#### [AIM OF THE TASK]
Look for the line that has "Scarpe Superga suola alta" in the material below; please repeat it and every line after it, exactly, up to and including the line that has "Thumbnail: 2021 Mercedes-Benz CLA - 25", and nothing else.

#### [STUDY MATERIAL]
========

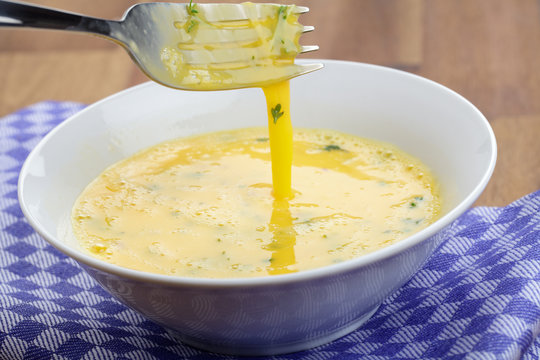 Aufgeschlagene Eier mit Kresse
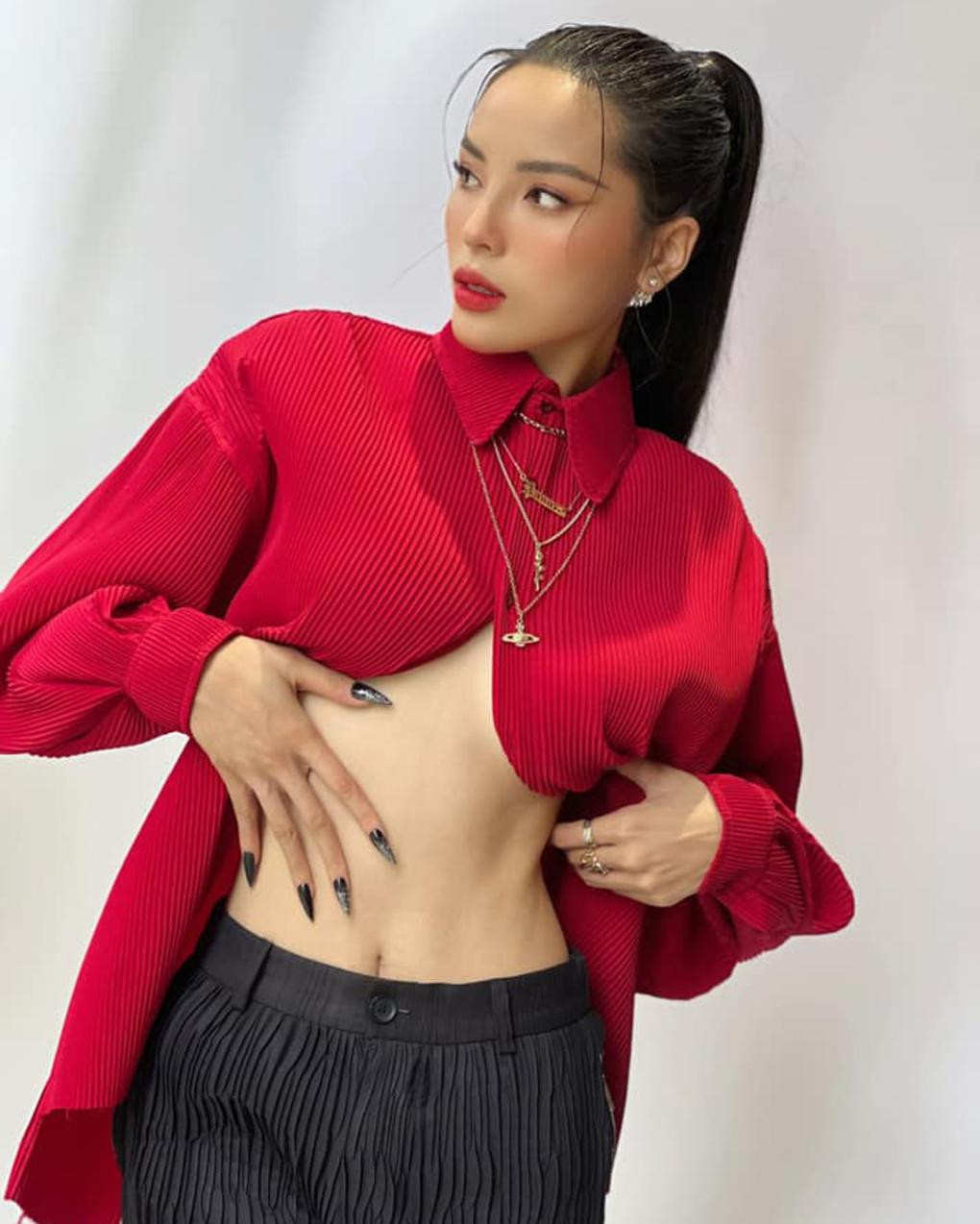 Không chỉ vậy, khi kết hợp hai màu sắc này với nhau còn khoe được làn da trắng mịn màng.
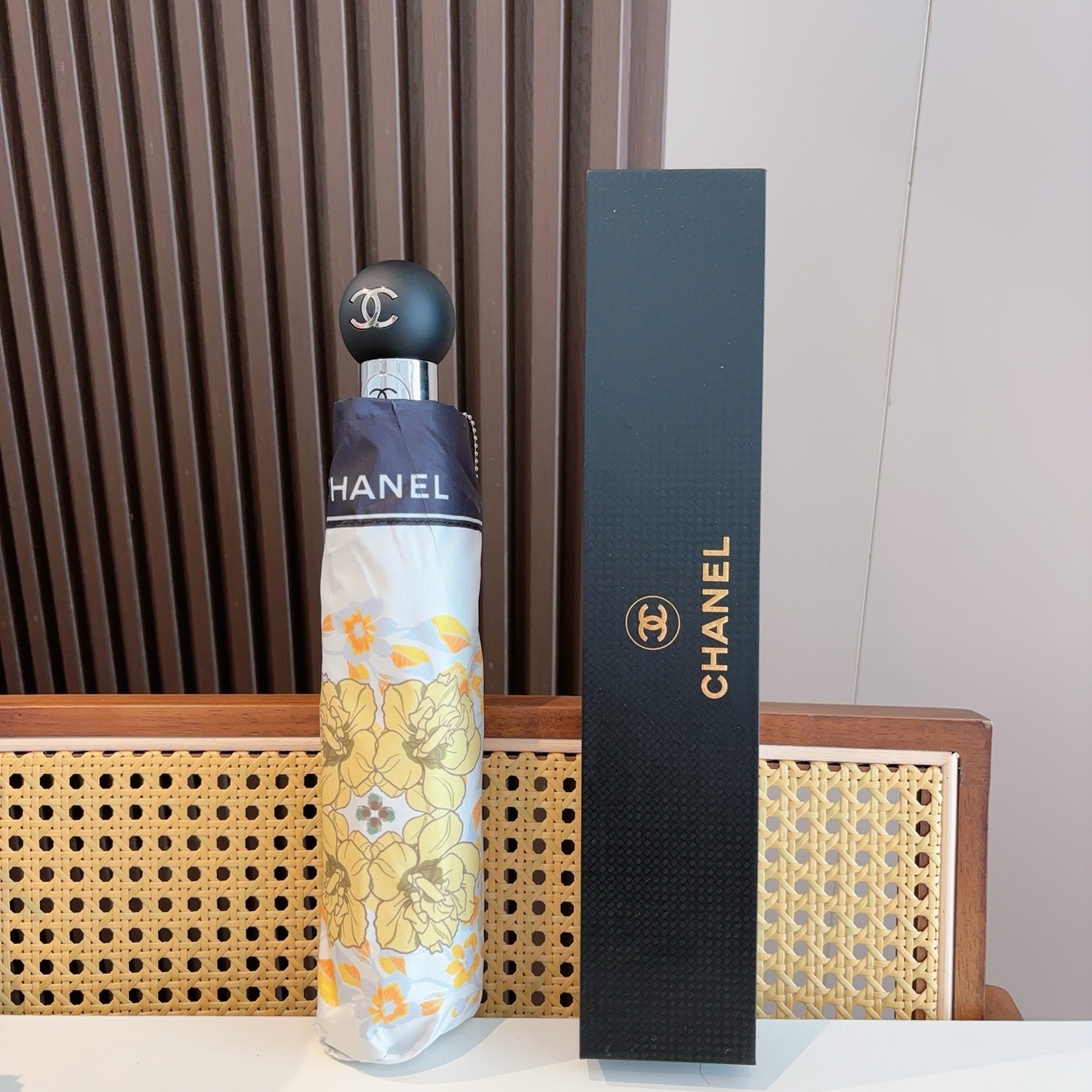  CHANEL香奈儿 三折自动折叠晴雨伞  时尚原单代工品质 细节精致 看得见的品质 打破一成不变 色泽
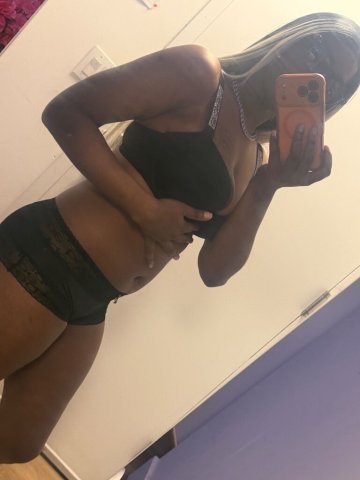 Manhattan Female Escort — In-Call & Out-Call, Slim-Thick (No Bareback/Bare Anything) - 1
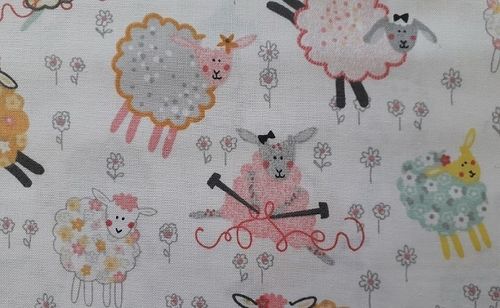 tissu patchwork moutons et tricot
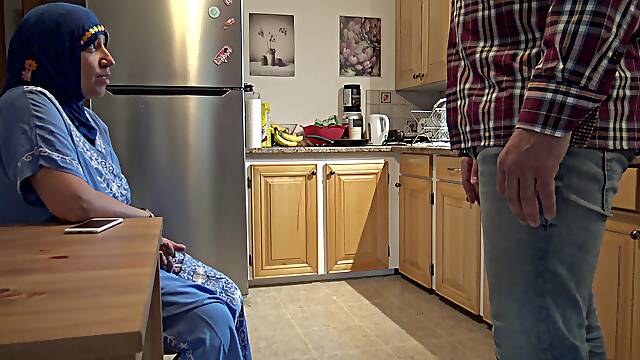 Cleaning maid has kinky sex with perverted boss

========

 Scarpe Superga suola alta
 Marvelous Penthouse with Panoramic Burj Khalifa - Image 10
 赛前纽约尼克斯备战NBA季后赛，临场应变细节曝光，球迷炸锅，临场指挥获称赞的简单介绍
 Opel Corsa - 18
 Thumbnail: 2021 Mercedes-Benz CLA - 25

========

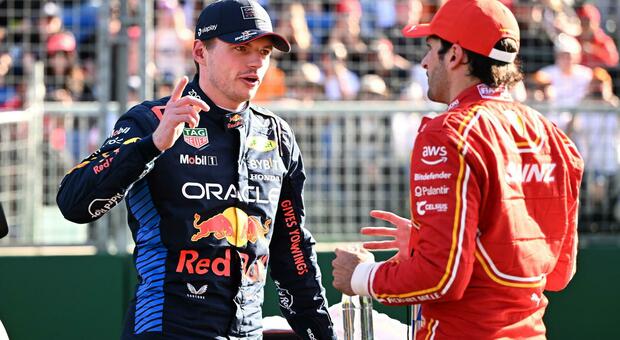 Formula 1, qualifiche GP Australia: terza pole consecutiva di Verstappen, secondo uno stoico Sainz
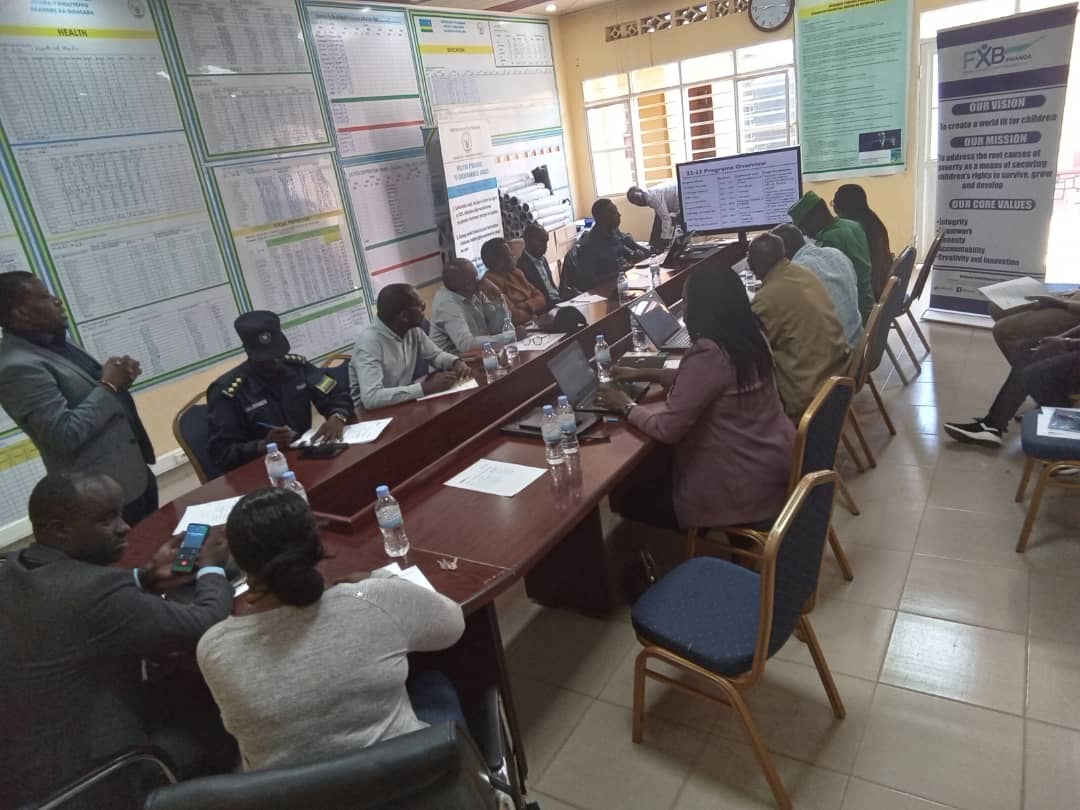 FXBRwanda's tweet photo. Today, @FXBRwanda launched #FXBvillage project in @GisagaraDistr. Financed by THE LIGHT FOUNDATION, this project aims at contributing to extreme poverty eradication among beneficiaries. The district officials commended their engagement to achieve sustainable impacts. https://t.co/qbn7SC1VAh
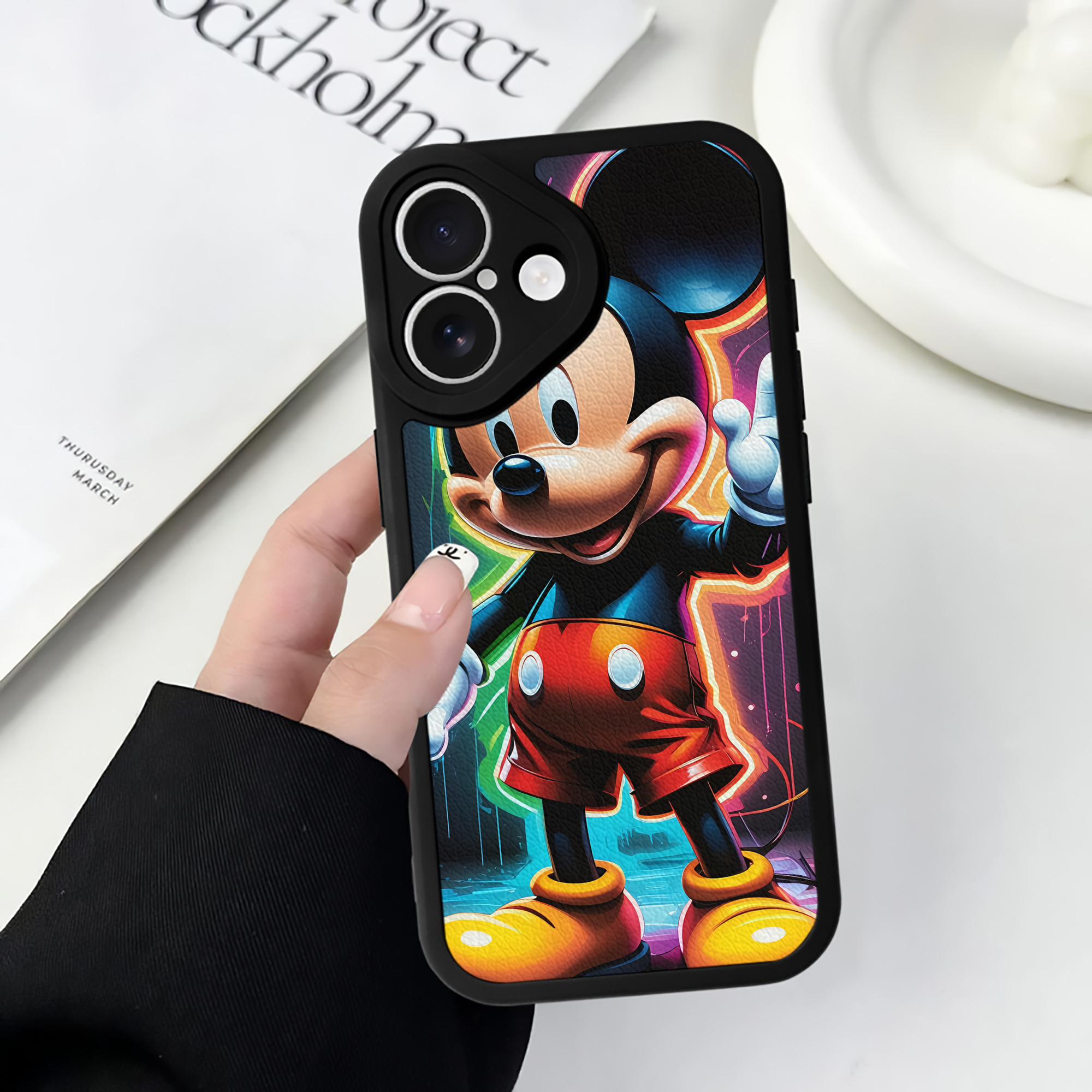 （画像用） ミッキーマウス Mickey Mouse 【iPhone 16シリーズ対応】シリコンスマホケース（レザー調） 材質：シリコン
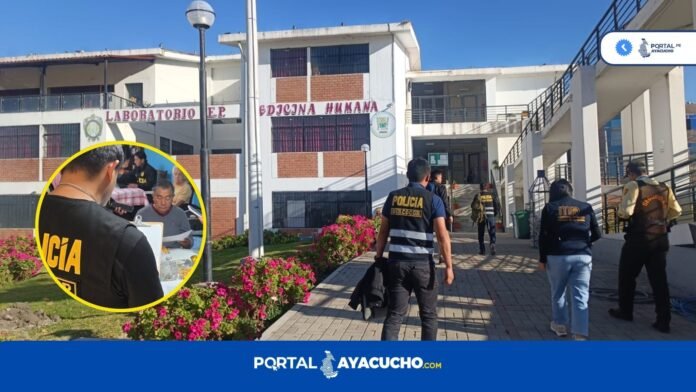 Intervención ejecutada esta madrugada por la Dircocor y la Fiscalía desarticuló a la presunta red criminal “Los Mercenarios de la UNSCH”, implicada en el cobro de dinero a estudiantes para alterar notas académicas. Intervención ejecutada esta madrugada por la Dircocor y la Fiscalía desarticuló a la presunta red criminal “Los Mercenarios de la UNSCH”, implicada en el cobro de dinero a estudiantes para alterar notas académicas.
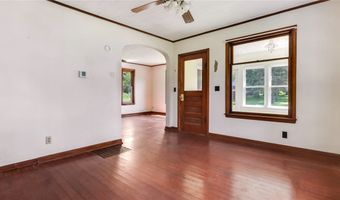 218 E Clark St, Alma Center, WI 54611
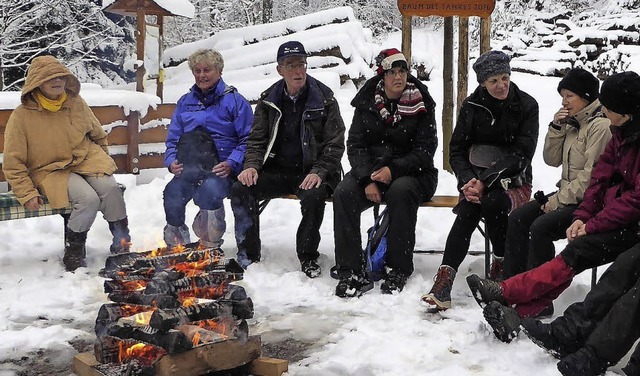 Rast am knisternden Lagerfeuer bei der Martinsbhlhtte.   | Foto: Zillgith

========

#### [ANSWER TO THE PROBLEM]
 Scarpe Superga suola alta
 Marvelous Penthouse with Panoramic Burj Khalifa - Image 10
 赛前纽约尼克斯备战NBA季后赛，临场应变细节曝光，球迷炸锅，临场指挥获称赞的简单介绍
 Opel Corsa - 18
 Thumbnail: 2021 Mercedes-Benz CLA - 25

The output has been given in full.